Estava-se no fim do Verão de 1985, o Verão do Live Aid em que a Aids, pela mão de Rock Hudson, saiu do armário. Marrocos era um destino de sonho, mitificado por Casablanca e nem tanto por Sebastian, personagem sórdida de Brideshead, que aí se exilara, morrera e sepultara.
Havia nos cafés uma juventude
culta e letrada, sedenta de liberdade, que era tudo o que lá não se vivia - na fronteira de entrada, a bagagem foi
metodicamente escrutinada e o Expresso, que, como todos os jornais, era
material subversivo, logo ficou confiscado. Já as ruelas dos kasbah pareciam ter cristalizado cinquenta
ou mais anos antes.
Foi em Tânger que me
compraram, custei em dinares o equivalente a alguns contos de réis, recordação
de viagem destinada à mãe de quem me comprou. Embrulhado em papel de seda por baixo
de papel de embrulho, fui para o fundo duma mala que se guardou na mala do Citröen
BX –modelo que nesse ano ganhou celebridade devido a uma certa rodagem feita por
um certo não político com destino a um certo congresso que ficou para a
história - pois 1985 foi também o ano em que emergiu Cavaco. Regressei
tranquilo, não houve controlo à saída, tão pouco na fronteira de entrada, feita
ainda por barco de Ayamonte para Vila Real de Santo António –o cavaquismo estava ainda no futuro, assim como a ponte sobre o Guadiana.

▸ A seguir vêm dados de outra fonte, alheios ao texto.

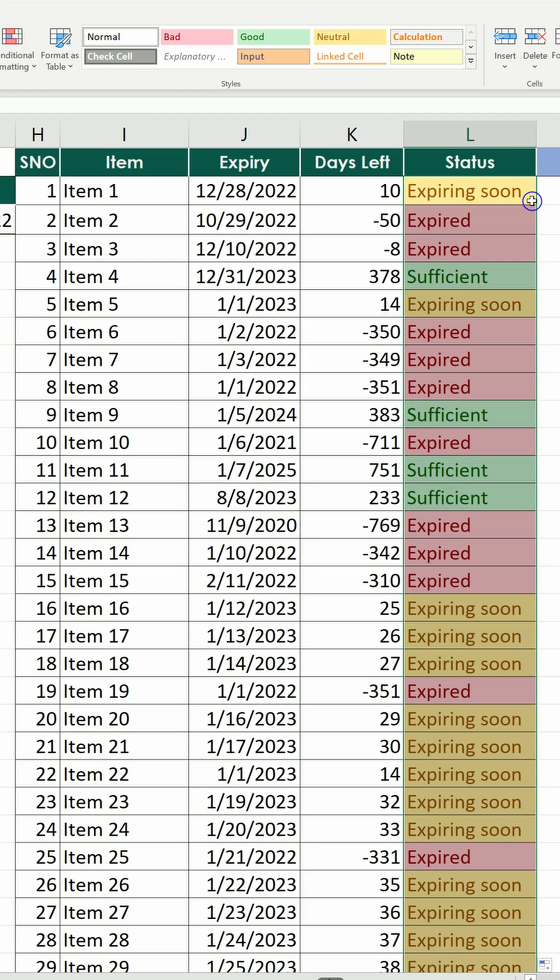So we send the formula down and we have everything there. We have those which are sufficient, others which are expired already, and some which are expiring soon.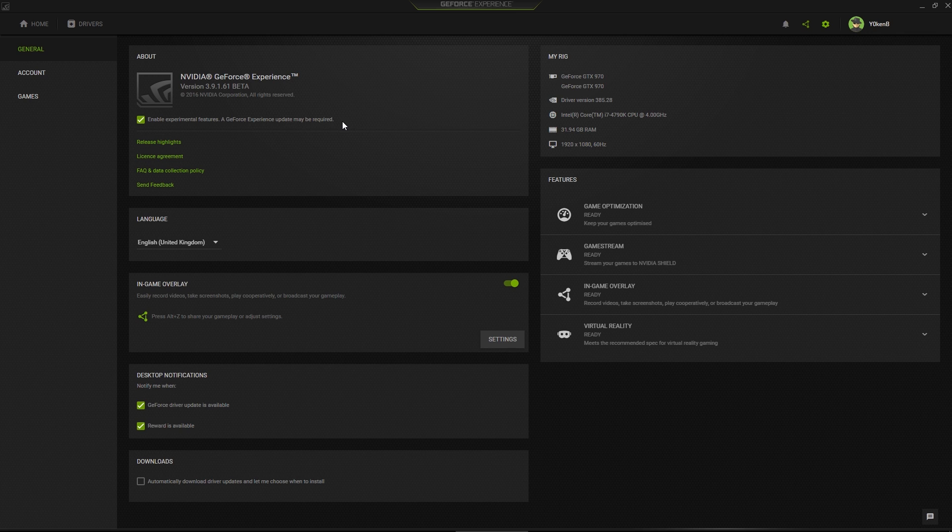The first thing that you want to do is open up GeForce Experience and then go to your settings, go to General, and you'll find this setting over here, Enable Experimental Features.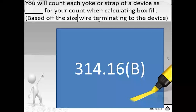To find this, we head to 314.16(B), specifically 314.16(B)(4). I recommend strategic highlighting in your codebook. When you get to B4, highlight the words 'each yoke or strap' in the first line. Then in the second or third line — depending on your code cycle — highlight the words 'double volume allowance.' A few more lines down, highlight the words 'based off the largest conductor connected to the device.' Then go back up to part four and highlight the bold heading. Your highlighting will read: device or equipment fill — each yoke or strap — double volume — based off the largest conductor terminated to the device.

No dia do regresso viajei para
Portimão, onde fiquei alguns dias, e depois para o Porto, sempre num fundo de
mala. Estive alguns anos na mesa de vidro da sala de visitas da casa dos pais
de quem me comprou, visitas não as vi porque ficavam sempre noutra sala, à
entrada. Depois vim para Lisboa, onde já habitei duas casas e agora estou na
cozinha, em cima dum armário branco, porque a consultora de Feng Shui disse que
a cozinha precisava de verde.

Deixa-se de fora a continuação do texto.